The builder issue might also be a different issue than what was originally reported here. Does it maybe trigger with egl-wayland 1.1.7 as well?

I also thought of this and tested 1.1.7 beforehand, unfortunately it does not trigger with 1.1.7

erik-kz commented 1 year ago

Correct me if I'm wrong, but doesn't gnome-builder still use gtk3? Just curious because the original issue seemed to imply it was specific to gtk4.

chergert commented 1 year ago

Correct me if I'm wrong, but doesn't gnome-builder still use gtk3? Just curious because the original issue seemed to imply it was specific to gtk4.

Stable does, until tomorrow when GNOME 43 is released and Nightly will become Stable as 43.0.

https://nightly.gnome.org/repo/appstream/org.gnome.Builder.Devel.flatpakref will get you nightly via Flatpak.

wroyca commented 1 year ago

So I have cleaned up my Fedora 37 installation to Fedora 37 silverblue and I no longer have this problem.

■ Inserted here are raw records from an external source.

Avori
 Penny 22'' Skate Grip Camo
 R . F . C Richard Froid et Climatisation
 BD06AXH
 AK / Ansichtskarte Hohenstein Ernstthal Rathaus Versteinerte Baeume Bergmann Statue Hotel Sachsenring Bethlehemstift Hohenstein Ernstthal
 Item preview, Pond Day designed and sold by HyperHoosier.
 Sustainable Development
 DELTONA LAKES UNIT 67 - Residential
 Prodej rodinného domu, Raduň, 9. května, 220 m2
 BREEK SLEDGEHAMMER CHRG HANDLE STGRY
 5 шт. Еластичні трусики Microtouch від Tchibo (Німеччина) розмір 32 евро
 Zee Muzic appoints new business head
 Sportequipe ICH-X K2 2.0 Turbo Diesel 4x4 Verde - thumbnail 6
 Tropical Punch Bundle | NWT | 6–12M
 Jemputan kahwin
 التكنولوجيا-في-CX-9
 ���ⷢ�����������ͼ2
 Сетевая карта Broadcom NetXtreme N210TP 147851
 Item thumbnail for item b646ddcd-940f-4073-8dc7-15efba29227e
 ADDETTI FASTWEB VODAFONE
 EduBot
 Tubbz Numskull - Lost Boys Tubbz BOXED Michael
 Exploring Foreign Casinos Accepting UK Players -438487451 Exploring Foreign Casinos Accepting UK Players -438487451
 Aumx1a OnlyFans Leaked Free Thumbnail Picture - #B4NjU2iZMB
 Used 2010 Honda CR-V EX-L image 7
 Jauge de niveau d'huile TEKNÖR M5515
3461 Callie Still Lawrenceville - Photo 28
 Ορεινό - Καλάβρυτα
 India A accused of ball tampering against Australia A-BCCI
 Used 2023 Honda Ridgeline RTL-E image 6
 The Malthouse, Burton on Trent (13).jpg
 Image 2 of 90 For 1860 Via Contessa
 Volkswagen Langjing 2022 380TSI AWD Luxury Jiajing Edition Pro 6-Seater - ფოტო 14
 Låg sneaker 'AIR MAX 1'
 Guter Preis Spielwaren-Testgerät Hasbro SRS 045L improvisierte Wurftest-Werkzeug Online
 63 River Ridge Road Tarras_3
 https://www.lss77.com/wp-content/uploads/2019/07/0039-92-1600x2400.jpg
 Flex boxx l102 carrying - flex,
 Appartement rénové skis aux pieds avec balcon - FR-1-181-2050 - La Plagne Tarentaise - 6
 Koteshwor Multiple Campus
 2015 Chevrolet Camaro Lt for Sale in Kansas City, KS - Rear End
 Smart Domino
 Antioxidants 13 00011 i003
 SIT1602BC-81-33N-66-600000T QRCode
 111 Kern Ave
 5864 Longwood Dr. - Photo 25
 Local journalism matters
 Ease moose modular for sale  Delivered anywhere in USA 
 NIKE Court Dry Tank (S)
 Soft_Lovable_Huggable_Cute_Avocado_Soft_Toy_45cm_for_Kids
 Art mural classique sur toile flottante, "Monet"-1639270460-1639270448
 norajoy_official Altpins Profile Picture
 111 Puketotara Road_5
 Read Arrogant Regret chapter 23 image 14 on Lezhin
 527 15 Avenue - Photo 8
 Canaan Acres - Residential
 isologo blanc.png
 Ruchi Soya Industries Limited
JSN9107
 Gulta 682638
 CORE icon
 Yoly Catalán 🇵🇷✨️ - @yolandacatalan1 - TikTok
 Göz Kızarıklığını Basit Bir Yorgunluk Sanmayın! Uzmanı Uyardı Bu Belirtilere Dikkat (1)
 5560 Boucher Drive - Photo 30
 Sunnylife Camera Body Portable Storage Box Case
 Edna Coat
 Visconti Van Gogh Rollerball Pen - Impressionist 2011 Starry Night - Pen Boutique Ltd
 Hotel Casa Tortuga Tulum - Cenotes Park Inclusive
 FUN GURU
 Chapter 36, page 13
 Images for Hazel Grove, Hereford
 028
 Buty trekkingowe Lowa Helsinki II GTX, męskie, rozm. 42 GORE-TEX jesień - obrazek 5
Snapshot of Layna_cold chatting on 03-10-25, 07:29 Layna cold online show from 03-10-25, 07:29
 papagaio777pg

Toolbox containers should have GPU support by default, meaning there should be no need to manually specify GPU compatible containers. At first glance, there isn't much difference between my two installations, they have been relatively updated with minimal outside influence, so I can't say why exactly it works with the latter but not with the former. AFAIK both installations use relatively the same libraries, so there must be a small needle in a haystack that was just enough to break egl-wayland before my switch to silverblue.

wroyca commented 1 year ago

@erik-kz I tried again with the default installation of Fedora 37 and, sure enough, it works fine. Something probably slipped in accidentally, even if I had compiled both myself. Regardless, this issue can be closed now

EDIT: Nevermind. I can reproduce it on Fedora 37. Alas.